If you’re in Portland, here are a handful of amazing PDX organizers to follow:
5 years ago, OnlyFans creator Belle Delphine sold $90K of bathwater to her fans. After selling 600 bottles, Belle discovered that this action was a violation of PayPal’s terms of service, and the revenue from sales was confiscated. 5 years later, an article on Business Insider shifted something, and PayPal reportedly decided to return Delphine’s money.
While in Portland, I was lucky to attend Carvell Wallace’s new book reading. Wallace’s book, Another Word for Love, is a beautiful, authentic, poetic, powerful, and inspiring memoir from the Oakland-based journalist. It’s been less than 2 days since Carvell signed my book and I’ve already highlighted half the book.
One of the chapters, The Touch, describes Wallance’s experience at an Oakland play party. It feels truly magical to have someone poetically capture what makes your culture and community so unique. I was deeply impacted by Carvell's vulnerable insights on how challenging it is to stay attuned to oneself and others while engaging in play. The nugget of wisdom came through just in time for my playful weekend :)
Queering pineapples
Cosmopolitan published a detailed article on the history, future, and how-to of Swinging. The article calls out that the term has perception issues with the younger generation, queer and poly communities. I appreciated Kiley Ann's updated perspective on swinging lifestyle norms and challenges on The Pineapple Express Podcast (ICYMI: An upside-down pineapple is a coded signal swingers use to indicate that they are part of the lifestyle). I haven’t found specific content creators that talk about a more queer style of Swinging, so if you find that, send it over.

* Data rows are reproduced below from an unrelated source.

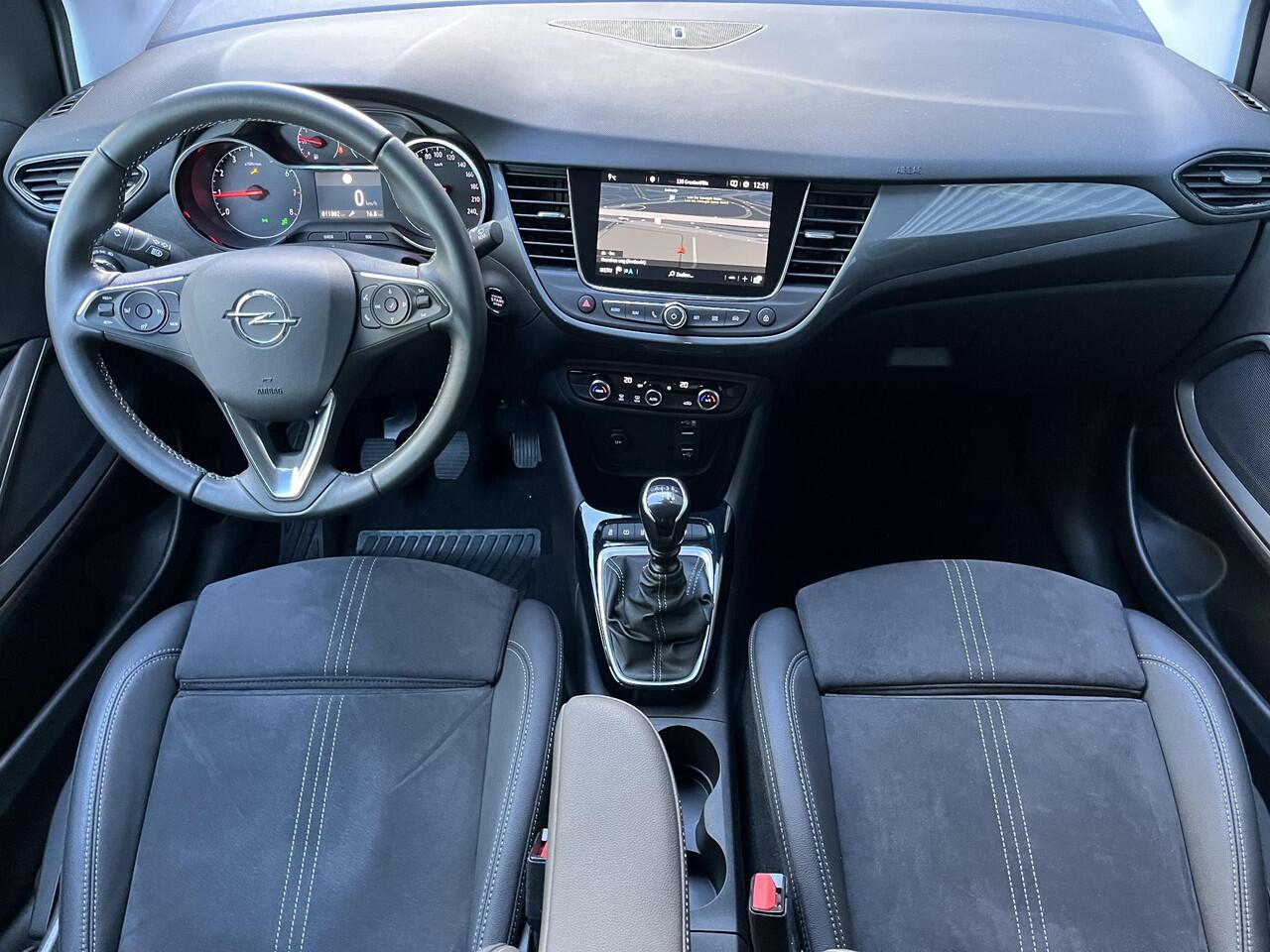 Opel Crossland Ultimate 1.2 Turbo 110pk | 180° CAMERA+SENSOREN | ALCANTARA/LEDER | AGR-STOELEN | NAVI | DAB+ | ISOFIX | FULL LED | LAGE KM | TWO-TONE | KEYLESS |
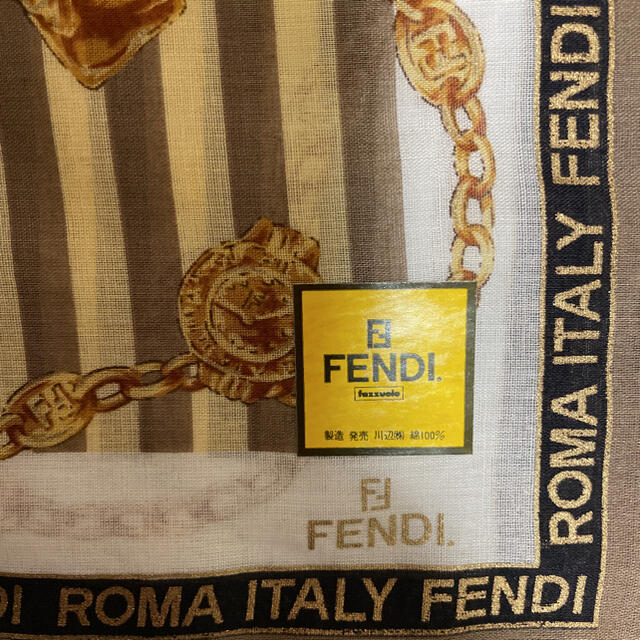 FENDI(フェンディ)の☆専用です☆FENDI ハンカチ2枚セット レディースのファッション小物(ハンカチ)の商品写真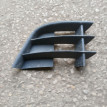 Решетка в бампер левая Шкода Фабия 2 Skoda Fabia оригинальный номер 5J0853665A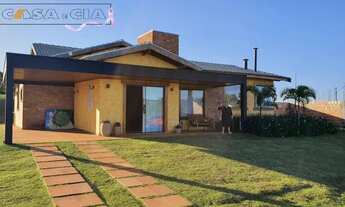 Imagem 1: Chalé em multipropriedade à beira da represa de Xavantes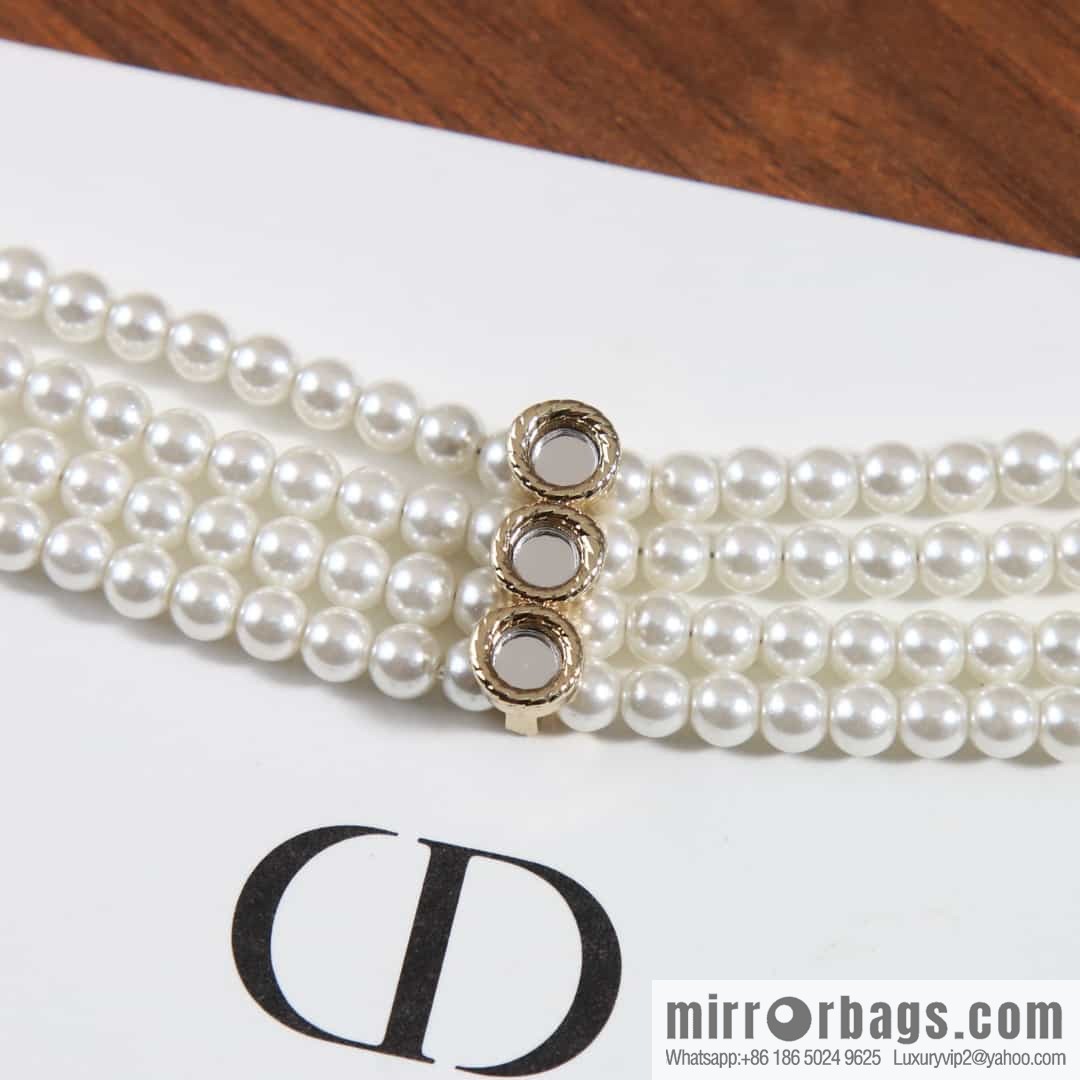 New ☑️ Dior 4-layer pearl necklace, bracelet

What do they call if you do the same thing repeatedly and hope for a different result?
NYC prodom and event producer Venus Cuffs (who I’m obsessed with her social content) posted a story (now highlight) with her fans' horror stories from using dating apps. These two images represent the reality so well: the apps we use disappoint us, but we have no idea what alternative way to meet our needs, so we continue doing the same this.
Note: This newsletter represents my personal opinions and thoughts. I understand I may have unexamined views and I appreciate when people point them out so that I am made aware and can start thinking about them. When I make mistakes I am committed to learning about my impact on others and repairing.